### Directions for this task
Exact copy, pictures excluded: reproduce every record below.

### Supplied records
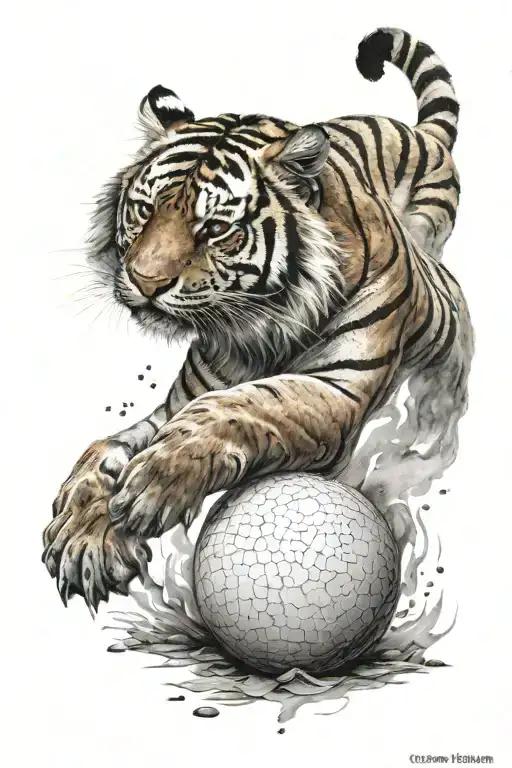 Tiger Playing On Back With Ball Looks Like Semicolon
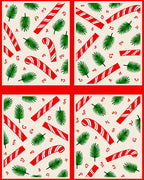 Festive Red White Candy Cane Pine Sprigs Rug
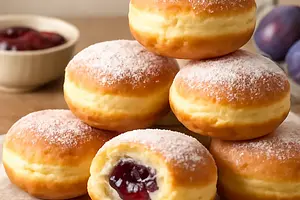 Pączki Babci w Stylu "Słodki Blog" — delikatne, złociste z nadzieniem śliwkowym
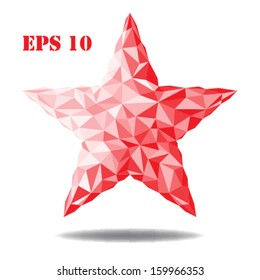 Red star triangle illustration. Abstract triangle geometrical multicolored background
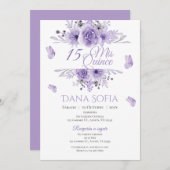 パープルフローラクインセネラ招待状 スペインの 招待状 (正面/裏面)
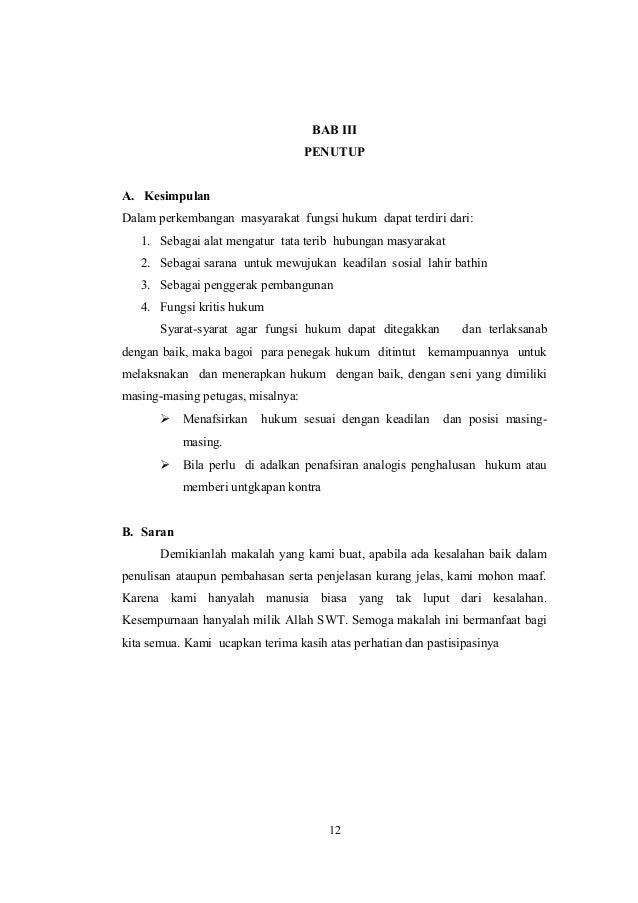Makalah Kedudukan Dan Fungsi Hukum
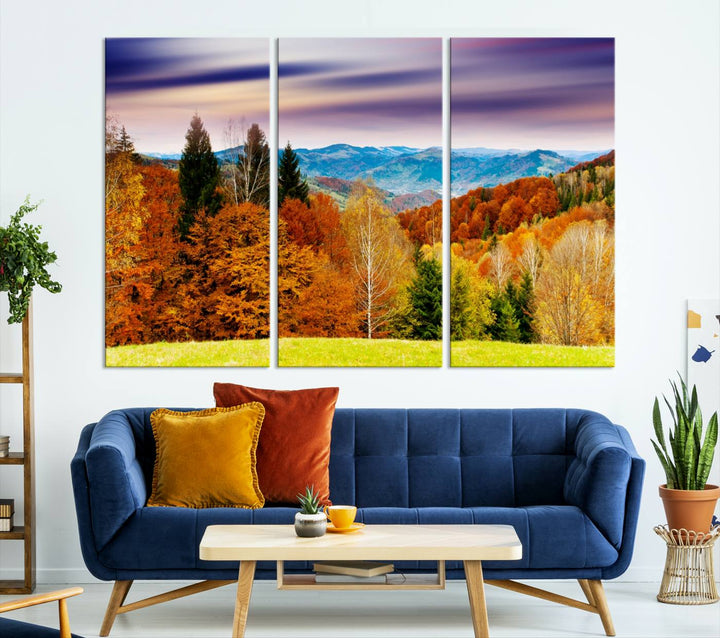 Autumn Colorful Forest Blue Mountains and Purple Sky at Sunset Wall Art Canvas Print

### Exercise solution
 Tiger Playing On Back With Ball Looks Like Semicolon
 Festive Red White Candy Cane Pine Sprigs Rug
 Pączki Babci w Stylu "Słodki Blog" — delikatne, złociste z nadzieniem śliwkowym
 Red star triangle illustration. Abstract triangle geometrical multicolored background
 パープルフローラクインセネラ招待状 スペインの 招待状 (正面/裏面)
Makalah Kedudukan Dan Fungsi Hukum
 Autumn Colorful Forest Blue Mountains and Purple Sky at Sunset Wall Art Canvas Print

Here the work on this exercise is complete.